# rod + reel advice for stripers/pike



## answer3 (Jan 14, 2015)

Hi guys
I would like to purchase a new rod and reel to target strippers from a tinboat in coastal saltwater but I don't know which one to buy... there a so many... ideally it would be great if I could also use it in freshwater to target pike. right now I have a medium action bassproshop IM6 graphite series and a pflueger president's reel but I feel it will be too light for bigger fish like that. 
Which one would you recommend?
Thanks!
Damien


----------



## Jim (Jan 15, 2015)

We use 8 foot medium rods for fishing stripers on the cape with 2500 size reels. Nothing more fun! Your combo will work fine.

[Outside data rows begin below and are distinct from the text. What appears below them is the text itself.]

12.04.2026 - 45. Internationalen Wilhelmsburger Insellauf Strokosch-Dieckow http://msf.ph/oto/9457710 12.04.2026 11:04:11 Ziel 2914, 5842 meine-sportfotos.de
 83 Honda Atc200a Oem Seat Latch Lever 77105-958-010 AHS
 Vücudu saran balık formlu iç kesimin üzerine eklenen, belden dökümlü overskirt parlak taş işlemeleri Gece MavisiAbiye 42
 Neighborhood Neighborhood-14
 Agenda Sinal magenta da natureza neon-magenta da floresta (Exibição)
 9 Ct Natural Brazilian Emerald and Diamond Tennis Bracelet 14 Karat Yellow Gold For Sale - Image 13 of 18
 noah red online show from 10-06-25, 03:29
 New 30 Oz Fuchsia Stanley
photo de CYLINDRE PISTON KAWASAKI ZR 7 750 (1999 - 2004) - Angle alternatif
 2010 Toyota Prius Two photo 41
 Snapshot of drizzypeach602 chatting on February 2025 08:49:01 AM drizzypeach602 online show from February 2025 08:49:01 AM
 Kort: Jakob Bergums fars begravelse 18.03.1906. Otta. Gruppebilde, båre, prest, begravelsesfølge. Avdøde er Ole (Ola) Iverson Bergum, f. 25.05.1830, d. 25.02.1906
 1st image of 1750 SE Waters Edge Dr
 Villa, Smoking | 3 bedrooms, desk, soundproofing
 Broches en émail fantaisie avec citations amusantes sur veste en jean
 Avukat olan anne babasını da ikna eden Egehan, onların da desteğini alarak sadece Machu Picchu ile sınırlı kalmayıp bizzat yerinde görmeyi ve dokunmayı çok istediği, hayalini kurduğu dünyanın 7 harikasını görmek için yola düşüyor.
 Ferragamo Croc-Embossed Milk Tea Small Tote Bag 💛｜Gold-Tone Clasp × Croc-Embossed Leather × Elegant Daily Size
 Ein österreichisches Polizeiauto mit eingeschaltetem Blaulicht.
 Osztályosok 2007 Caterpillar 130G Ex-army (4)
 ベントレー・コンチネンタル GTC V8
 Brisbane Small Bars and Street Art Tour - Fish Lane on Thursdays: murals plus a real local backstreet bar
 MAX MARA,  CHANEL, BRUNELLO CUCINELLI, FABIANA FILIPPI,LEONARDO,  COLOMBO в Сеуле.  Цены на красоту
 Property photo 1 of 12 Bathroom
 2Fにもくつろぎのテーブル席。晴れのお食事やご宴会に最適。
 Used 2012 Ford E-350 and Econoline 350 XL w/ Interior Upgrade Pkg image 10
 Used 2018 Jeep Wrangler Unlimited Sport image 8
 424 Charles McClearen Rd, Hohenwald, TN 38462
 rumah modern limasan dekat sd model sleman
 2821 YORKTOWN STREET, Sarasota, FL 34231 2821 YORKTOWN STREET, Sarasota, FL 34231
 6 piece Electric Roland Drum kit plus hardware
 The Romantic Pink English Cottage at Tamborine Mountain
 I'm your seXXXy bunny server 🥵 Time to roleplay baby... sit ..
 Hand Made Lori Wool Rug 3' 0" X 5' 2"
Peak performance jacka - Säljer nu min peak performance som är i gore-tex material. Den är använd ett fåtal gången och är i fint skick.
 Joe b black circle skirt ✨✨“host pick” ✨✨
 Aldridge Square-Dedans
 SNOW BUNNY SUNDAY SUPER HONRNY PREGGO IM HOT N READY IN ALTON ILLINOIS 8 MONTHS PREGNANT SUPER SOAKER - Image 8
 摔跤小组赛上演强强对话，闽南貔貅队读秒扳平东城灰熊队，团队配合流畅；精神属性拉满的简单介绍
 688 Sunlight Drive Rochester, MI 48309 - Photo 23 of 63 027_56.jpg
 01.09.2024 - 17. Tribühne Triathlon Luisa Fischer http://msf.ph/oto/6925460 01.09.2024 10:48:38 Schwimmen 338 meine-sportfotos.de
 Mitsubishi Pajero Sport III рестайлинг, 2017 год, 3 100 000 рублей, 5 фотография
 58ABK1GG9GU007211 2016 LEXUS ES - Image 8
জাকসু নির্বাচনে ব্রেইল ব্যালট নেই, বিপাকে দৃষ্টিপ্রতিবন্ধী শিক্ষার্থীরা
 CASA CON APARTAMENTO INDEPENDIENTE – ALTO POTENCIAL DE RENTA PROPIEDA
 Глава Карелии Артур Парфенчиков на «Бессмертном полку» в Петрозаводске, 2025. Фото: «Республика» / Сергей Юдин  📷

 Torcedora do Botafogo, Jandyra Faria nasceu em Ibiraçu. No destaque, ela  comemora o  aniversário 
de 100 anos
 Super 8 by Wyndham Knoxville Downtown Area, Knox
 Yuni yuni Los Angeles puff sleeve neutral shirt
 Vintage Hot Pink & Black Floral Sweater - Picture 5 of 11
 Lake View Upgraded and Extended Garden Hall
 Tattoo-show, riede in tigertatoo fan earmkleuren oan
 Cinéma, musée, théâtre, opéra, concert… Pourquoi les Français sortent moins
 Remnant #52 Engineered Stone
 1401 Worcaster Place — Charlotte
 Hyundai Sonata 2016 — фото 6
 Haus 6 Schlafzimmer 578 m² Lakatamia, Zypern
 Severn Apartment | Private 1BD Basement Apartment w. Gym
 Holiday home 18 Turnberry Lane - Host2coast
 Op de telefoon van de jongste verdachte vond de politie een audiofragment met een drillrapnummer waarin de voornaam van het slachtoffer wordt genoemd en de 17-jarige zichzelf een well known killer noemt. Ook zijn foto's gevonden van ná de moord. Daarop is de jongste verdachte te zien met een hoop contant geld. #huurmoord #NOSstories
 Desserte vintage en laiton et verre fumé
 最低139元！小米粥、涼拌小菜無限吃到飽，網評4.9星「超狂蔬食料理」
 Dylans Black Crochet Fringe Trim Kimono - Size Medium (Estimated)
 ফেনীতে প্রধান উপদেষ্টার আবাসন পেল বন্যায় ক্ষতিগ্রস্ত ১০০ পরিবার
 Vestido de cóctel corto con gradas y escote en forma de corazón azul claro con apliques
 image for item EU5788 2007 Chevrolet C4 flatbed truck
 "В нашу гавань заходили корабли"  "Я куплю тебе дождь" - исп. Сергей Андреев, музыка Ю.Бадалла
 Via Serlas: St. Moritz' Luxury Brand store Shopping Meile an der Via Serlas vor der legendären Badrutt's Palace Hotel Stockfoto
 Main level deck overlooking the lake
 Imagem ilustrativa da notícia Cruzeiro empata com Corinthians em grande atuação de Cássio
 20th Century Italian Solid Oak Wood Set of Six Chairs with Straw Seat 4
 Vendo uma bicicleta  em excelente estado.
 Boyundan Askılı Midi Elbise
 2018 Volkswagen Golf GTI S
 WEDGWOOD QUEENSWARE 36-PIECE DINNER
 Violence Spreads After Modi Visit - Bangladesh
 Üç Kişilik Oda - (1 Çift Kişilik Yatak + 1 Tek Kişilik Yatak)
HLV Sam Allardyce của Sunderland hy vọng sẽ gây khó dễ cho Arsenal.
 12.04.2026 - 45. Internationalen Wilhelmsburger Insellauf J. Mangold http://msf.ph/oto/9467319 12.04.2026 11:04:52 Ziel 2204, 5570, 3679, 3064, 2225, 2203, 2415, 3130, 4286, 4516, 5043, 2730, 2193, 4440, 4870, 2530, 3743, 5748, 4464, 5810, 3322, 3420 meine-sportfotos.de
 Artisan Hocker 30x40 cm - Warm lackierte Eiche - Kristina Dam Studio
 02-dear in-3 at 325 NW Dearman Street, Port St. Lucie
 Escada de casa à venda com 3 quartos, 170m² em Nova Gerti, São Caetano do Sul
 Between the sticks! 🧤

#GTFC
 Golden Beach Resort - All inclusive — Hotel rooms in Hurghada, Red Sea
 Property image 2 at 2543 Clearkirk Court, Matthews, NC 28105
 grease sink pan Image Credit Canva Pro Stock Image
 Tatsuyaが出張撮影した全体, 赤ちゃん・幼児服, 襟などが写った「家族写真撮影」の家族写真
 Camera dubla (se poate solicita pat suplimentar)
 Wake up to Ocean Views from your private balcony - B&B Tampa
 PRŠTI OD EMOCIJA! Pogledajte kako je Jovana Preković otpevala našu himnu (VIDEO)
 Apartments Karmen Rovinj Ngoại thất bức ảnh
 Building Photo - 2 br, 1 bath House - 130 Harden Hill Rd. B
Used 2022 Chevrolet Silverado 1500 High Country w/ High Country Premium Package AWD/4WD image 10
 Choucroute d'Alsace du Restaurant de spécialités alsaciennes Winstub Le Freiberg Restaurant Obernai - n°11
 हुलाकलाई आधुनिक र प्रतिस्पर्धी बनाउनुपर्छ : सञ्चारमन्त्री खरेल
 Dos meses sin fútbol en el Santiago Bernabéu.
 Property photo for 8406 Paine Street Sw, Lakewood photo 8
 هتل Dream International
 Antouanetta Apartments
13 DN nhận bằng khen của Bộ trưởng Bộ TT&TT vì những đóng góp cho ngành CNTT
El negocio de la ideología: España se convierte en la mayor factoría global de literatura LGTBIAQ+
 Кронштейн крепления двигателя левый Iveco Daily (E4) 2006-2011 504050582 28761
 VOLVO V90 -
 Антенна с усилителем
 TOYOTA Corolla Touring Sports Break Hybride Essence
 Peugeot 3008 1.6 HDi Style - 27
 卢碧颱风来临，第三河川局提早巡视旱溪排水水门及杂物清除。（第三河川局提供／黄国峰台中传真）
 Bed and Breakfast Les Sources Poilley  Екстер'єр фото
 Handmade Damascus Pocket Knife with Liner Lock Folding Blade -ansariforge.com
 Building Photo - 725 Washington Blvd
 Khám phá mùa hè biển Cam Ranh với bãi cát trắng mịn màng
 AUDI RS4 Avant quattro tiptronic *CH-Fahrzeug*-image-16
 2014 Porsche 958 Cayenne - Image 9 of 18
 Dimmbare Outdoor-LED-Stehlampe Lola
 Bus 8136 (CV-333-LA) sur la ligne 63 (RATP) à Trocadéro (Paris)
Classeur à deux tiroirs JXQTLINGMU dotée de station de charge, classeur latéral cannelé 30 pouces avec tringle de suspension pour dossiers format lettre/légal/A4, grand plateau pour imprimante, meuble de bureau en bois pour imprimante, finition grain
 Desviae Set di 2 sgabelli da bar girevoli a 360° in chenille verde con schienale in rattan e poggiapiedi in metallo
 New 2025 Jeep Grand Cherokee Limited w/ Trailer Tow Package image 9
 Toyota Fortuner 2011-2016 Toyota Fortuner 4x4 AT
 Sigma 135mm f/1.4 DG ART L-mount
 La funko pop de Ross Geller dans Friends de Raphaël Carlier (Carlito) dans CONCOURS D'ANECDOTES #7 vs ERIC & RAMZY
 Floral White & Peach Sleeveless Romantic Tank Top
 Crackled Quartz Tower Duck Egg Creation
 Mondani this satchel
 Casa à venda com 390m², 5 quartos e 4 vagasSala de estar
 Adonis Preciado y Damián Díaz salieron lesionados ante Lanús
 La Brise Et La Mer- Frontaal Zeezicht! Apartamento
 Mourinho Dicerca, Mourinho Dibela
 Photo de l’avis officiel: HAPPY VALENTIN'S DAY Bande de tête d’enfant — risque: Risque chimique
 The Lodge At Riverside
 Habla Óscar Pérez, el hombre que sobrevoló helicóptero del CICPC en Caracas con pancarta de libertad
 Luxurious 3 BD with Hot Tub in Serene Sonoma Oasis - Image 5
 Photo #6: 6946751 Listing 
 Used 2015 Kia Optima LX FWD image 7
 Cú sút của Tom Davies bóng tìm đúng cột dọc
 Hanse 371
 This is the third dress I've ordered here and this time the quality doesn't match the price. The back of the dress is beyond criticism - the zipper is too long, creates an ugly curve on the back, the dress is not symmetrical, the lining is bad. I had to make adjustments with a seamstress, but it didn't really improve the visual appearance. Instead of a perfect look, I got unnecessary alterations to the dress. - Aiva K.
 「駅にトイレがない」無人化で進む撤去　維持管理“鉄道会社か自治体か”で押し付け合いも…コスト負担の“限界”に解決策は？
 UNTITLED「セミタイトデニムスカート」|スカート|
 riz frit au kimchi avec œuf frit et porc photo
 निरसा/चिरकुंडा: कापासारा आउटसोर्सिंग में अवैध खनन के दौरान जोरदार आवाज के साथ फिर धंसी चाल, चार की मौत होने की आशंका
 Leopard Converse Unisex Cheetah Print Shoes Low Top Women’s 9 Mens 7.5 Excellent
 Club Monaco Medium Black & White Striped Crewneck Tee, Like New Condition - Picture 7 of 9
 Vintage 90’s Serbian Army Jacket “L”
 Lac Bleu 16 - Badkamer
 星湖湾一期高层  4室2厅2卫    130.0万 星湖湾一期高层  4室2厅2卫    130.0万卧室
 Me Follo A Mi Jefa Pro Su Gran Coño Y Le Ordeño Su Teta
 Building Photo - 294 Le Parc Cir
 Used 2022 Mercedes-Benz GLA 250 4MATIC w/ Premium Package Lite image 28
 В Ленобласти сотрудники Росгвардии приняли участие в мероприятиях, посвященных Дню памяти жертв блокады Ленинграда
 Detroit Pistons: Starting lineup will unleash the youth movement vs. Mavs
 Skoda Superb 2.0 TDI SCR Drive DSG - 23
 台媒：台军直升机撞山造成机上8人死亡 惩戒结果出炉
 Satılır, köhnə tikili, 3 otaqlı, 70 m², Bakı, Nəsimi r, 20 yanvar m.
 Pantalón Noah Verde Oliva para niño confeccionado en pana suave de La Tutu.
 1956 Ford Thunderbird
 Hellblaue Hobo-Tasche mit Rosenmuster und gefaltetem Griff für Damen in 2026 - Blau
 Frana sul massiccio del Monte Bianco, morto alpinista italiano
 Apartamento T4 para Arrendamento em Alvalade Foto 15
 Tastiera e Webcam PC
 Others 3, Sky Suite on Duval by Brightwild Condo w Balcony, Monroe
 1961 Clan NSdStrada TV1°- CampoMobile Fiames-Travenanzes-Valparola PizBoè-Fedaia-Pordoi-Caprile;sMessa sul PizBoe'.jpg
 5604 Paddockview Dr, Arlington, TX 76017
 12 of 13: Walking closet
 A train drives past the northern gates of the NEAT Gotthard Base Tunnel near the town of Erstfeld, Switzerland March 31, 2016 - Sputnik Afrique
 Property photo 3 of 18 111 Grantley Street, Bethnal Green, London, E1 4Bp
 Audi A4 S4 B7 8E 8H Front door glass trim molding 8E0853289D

What pound and kind of line are you using?


----------



## Captain Ahab (Jan 15, 2015)

Revo sw spinner with 7 foot med rod


----------



## Captain Ahab (Jan 15, 2015)

Some strippers like a big rod but most like 5 dollar bills


----------



## answer3 (Jan 15, 2015)

Jim said:


> We use 8 foot medium rods for fishing stripers on the cape with 2500 size reels. Nothing more fun! Your combo will work fine. What pound and kind of line are you using?



I use 8-12lbs trilene xl line usually but I target bass or pickerell. what line do you recommend for strippers? at least 16-18lbs?


----------



## Jim (Jan 15, 2015)

12 pound will work and will be fun. You have to dial in your Drag though for sure. :beer:


----------